Using the records that appear below, write out exactly the lines from the one with "53 Norfolk Avenue, Cambridge, Ontario" through the one with "723 Palisades Beach Road - Photo Thumbnail 8", keeping both end lines.

(Scraped caption text data)
▬▬▬▬▬▬▬▬▬▬

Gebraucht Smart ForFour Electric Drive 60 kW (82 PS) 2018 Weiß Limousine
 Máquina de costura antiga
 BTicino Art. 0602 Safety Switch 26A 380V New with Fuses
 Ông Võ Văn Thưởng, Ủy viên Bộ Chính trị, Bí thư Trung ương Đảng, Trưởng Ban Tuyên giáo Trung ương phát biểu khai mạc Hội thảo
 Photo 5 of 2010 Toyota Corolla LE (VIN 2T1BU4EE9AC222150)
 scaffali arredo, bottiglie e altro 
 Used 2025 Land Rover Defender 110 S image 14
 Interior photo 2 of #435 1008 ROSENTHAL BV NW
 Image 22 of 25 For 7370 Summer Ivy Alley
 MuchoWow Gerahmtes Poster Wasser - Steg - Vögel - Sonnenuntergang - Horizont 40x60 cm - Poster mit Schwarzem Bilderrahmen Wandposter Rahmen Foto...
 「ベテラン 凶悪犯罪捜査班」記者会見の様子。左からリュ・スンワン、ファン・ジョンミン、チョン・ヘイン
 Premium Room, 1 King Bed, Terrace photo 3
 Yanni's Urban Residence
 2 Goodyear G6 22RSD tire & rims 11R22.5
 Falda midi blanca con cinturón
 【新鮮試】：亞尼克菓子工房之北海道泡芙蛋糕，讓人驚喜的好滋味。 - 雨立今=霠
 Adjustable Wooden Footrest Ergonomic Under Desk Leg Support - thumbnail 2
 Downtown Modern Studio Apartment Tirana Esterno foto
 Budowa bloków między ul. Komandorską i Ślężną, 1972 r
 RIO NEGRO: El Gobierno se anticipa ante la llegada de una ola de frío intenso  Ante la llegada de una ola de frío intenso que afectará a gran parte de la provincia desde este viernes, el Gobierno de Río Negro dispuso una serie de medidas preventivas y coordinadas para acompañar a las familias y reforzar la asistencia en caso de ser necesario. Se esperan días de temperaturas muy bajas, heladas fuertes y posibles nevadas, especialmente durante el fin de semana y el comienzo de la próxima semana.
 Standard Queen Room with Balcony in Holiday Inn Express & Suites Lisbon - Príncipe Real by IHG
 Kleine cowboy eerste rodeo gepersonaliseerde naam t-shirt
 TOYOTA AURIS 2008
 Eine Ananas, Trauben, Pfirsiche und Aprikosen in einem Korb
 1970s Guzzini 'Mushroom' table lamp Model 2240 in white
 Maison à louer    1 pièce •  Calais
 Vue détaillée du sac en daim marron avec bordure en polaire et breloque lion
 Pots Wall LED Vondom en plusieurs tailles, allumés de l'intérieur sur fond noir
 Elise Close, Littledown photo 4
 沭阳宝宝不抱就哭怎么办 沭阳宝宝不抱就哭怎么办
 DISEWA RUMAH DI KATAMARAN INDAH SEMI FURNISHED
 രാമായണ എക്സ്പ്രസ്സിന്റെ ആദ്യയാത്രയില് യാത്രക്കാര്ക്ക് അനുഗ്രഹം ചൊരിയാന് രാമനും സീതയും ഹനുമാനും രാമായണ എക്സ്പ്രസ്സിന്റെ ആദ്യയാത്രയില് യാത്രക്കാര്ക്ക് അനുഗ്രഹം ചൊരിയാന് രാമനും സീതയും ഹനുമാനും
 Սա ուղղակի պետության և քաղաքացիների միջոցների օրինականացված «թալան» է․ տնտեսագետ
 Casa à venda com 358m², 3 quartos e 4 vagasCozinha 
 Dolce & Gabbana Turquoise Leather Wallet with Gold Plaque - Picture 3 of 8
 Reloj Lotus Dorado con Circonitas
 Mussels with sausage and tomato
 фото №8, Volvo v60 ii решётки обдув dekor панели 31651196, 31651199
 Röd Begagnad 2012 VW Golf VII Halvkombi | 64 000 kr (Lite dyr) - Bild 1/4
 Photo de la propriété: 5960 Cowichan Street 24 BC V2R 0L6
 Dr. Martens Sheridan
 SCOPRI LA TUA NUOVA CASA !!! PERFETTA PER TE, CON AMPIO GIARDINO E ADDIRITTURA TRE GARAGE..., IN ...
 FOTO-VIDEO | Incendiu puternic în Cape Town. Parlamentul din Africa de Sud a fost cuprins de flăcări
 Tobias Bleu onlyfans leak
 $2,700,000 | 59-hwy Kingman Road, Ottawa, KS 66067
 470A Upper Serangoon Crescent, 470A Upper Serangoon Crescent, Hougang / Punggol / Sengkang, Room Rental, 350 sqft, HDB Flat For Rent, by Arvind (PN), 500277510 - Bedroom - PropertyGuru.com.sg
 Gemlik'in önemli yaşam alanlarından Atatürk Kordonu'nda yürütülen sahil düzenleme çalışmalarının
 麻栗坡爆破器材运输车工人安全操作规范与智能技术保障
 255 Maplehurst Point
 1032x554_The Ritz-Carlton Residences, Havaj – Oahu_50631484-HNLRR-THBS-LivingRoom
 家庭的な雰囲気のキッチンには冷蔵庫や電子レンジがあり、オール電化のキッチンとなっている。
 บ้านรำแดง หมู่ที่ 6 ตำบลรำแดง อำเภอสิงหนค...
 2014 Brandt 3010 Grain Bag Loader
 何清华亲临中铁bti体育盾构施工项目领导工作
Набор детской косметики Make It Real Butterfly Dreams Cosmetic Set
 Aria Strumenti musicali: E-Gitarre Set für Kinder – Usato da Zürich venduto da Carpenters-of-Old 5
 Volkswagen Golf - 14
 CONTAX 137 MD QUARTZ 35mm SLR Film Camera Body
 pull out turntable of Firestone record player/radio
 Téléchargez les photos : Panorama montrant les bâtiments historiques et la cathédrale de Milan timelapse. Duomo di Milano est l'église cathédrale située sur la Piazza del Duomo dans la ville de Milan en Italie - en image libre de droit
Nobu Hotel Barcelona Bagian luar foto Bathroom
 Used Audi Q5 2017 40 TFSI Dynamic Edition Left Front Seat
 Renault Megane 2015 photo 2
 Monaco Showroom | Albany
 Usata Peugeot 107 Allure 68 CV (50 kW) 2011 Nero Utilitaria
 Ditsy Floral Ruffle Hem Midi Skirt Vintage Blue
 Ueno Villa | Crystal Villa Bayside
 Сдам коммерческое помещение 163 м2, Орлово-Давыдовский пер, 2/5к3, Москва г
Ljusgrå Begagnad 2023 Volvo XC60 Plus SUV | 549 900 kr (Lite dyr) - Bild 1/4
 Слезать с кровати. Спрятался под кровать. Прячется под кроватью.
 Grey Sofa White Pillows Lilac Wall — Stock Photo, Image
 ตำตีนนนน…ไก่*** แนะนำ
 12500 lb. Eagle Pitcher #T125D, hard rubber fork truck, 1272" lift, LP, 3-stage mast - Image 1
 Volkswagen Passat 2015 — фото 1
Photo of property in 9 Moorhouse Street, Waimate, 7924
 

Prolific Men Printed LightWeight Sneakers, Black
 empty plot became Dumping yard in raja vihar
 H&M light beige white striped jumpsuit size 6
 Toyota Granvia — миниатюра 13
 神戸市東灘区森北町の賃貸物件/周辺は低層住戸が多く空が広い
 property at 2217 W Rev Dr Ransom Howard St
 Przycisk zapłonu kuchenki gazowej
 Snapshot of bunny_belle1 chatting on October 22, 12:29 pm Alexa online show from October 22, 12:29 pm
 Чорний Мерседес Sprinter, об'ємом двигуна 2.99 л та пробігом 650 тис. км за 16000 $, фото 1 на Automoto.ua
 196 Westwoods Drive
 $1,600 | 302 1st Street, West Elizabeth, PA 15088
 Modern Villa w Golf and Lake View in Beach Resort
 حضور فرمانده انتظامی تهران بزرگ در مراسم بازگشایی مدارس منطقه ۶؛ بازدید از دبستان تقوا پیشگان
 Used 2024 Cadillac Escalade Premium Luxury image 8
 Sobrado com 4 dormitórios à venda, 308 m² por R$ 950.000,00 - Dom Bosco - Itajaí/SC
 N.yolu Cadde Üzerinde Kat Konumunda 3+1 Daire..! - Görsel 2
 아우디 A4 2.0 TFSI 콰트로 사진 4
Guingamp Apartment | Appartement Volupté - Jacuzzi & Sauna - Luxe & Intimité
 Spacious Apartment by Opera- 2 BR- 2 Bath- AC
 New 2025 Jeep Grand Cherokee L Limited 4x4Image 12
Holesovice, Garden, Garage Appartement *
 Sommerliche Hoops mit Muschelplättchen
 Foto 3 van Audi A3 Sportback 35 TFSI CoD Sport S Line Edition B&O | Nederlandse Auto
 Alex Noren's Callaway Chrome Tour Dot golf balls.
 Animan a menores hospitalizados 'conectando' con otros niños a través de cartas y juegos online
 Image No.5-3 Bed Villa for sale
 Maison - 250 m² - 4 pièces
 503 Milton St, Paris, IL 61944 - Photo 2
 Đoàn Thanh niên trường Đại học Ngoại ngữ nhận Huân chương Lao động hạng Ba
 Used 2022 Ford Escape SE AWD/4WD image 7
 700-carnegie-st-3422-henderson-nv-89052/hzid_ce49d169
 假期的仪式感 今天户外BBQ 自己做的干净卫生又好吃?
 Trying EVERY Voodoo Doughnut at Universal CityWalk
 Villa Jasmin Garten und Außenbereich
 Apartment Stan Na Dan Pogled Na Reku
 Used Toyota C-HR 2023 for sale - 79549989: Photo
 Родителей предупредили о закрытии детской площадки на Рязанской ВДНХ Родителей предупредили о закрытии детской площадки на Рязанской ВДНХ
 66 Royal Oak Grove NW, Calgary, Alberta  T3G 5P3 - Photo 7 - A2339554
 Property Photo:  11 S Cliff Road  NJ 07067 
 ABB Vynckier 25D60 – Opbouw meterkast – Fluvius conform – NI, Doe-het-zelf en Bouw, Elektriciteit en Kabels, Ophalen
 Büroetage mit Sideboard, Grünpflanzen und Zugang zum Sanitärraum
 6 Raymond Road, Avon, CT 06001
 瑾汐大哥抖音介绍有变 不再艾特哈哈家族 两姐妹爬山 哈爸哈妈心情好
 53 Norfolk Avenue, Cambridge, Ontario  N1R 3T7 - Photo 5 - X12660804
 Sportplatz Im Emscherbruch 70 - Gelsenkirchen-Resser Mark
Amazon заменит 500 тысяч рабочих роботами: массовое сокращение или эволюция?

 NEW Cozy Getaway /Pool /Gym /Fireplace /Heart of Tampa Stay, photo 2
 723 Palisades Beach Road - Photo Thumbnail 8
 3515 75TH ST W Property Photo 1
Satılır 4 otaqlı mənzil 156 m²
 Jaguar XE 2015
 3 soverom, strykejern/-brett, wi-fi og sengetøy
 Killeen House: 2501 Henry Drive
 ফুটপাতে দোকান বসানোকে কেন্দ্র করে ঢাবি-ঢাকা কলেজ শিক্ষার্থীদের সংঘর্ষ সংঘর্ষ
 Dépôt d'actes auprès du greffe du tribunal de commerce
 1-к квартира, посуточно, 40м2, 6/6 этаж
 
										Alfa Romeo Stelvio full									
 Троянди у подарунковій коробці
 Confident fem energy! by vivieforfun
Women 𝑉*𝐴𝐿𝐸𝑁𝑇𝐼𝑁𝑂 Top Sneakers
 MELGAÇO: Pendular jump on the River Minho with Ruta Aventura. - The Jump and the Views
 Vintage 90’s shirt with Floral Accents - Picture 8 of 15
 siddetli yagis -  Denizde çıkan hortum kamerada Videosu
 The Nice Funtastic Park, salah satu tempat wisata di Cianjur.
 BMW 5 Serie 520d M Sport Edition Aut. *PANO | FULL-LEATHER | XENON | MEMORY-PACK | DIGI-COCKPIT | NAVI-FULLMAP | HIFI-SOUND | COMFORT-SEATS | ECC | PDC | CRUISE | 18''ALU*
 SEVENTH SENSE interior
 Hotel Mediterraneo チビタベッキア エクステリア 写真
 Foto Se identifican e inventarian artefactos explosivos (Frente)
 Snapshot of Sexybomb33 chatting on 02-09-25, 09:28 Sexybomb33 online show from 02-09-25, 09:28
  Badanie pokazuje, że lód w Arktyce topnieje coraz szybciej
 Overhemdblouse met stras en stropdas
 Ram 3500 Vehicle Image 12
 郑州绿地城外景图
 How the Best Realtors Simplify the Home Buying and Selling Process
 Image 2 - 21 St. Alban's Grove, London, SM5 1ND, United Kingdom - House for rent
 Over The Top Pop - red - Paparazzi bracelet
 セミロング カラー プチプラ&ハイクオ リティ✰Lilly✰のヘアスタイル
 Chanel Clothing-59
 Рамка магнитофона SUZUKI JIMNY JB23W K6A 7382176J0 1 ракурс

▬▬▬▬▬▬▬▬▬▬

▸ Task response
 53 Norfolk Avenue, Cambridge, Ontario  N1R 3T7 - Photo 5 - X12660804
 Sportplatz Im Emscherbruch 70 - Gelsenkirchen-Resser Mark
Amazon заменит 500 тысяч рабочих роботами: массовое сокращение или эволюция?

 NEW Cozy Getaway /Pool /Gym /Fireplace /Heart of Tampa Stay, photo 2
 723 Palisades Beach Road - Photo Thumbnail 8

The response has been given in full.